Your goal:
Look through the records below for the line with "Ross’s Quality Nuts Icon" and the line with "Russell Performance M16", then return those lines and all lines between, exactly.

Web page caption snippets:

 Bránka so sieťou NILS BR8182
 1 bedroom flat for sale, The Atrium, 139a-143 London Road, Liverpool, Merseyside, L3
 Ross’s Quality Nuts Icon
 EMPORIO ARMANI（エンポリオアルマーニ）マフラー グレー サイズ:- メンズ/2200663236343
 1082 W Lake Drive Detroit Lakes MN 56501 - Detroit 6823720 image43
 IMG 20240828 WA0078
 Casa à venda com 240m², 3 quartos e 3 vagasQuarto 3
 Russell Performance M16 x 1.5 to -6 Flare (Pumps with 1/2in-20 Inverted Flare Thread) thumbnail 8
...
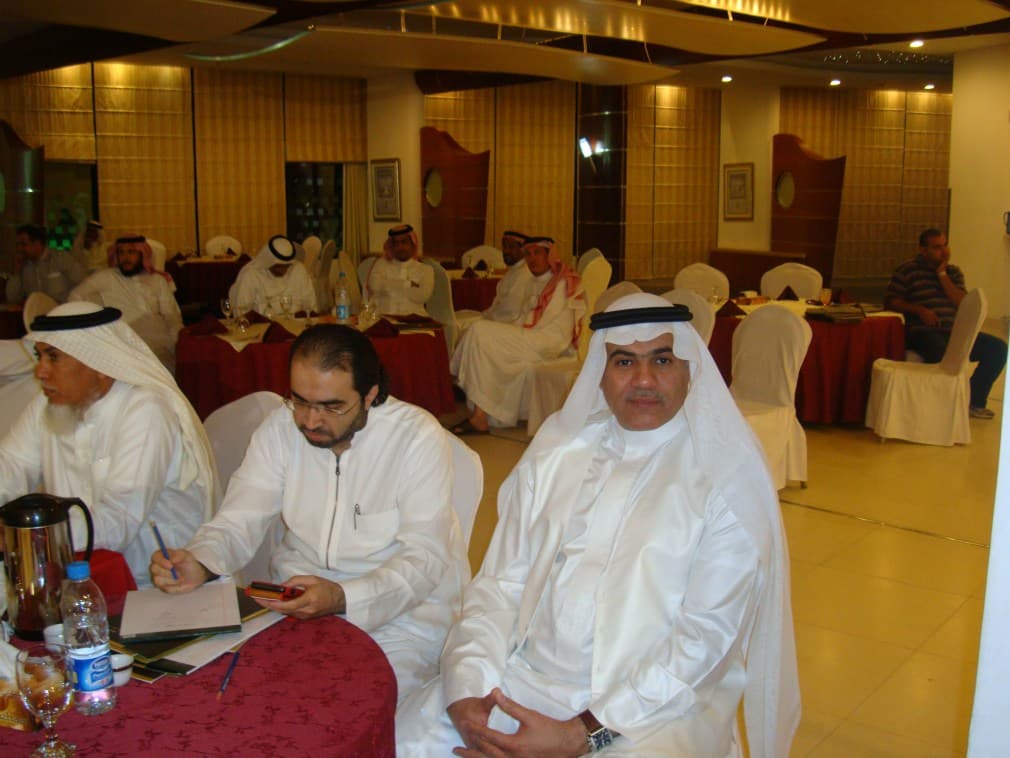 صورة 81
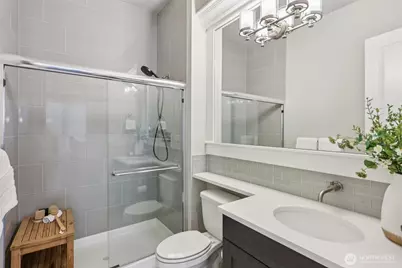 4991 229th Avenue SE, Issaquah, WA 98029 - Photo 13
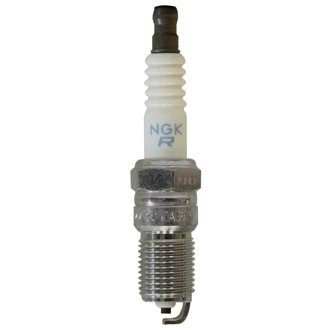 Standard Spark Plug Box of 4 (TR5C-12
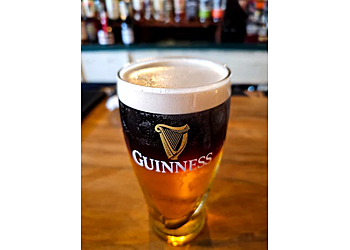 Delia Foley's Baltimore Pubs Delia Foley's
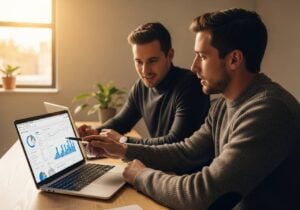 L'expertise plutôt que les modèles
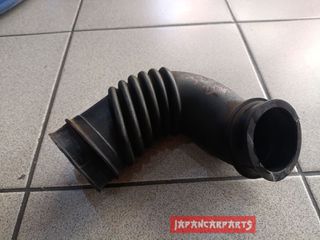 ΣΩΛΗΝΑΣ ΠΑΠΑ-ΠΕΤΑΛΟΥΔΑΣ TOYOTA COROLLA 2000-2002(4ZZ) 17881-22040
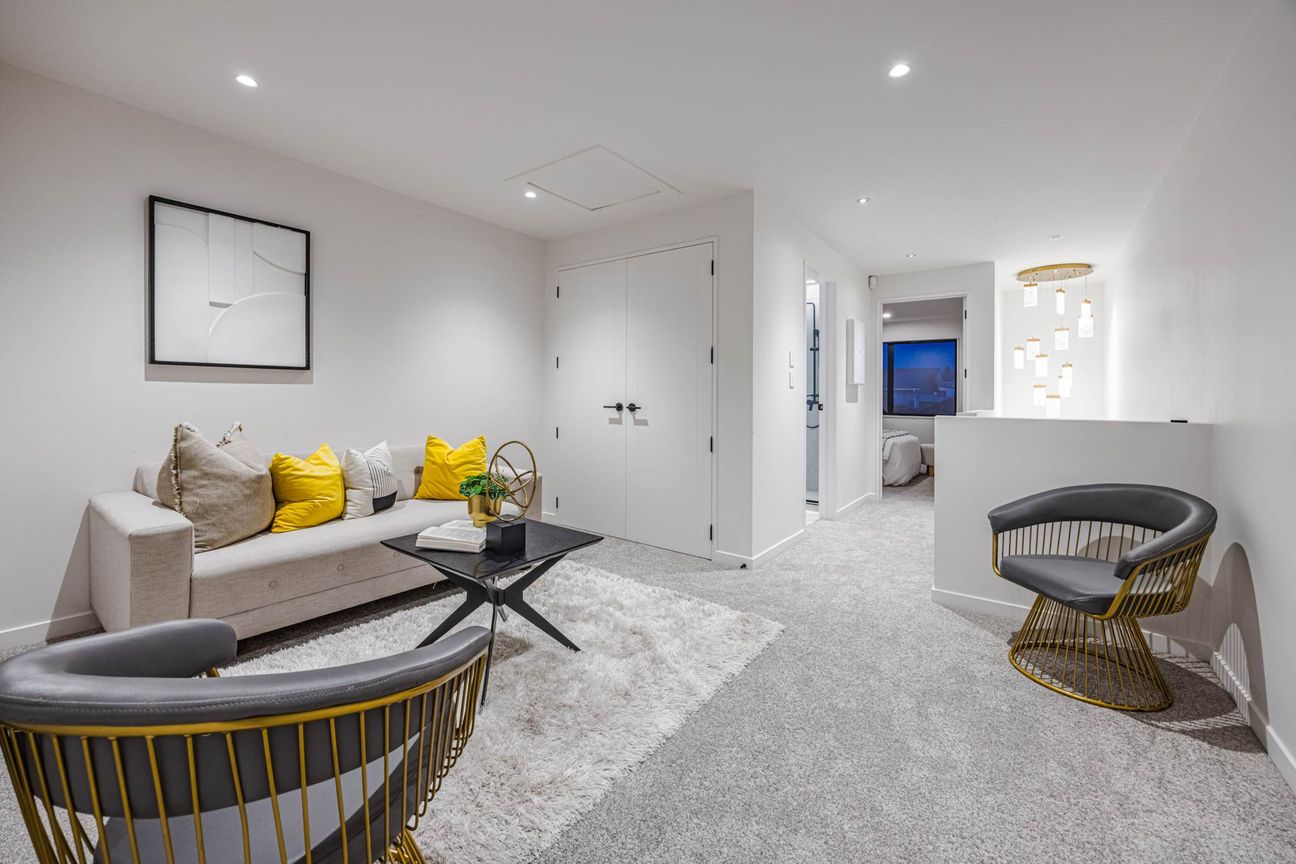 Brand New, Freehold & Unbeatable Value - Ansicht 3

Response:
 Ross’s Quality Nuts Icon
 EMPORIO ARMANI（エンポリオアルマーニ）マフラー グレー サイズ:- メンズ/2200663236343
 1082 W Lake Drive Detroit Lakes MN 56501 - Detroit 6823720 image43
 IMG 20240828 WA0078
 Casa à venda com 240m², 3 quartos e 3 vagasQuarto 3
 Russell Performance M16 x 1.5 to -6 Flare (Pumps with 1/2in-20 Inverted Flare Thread) thumbnail 8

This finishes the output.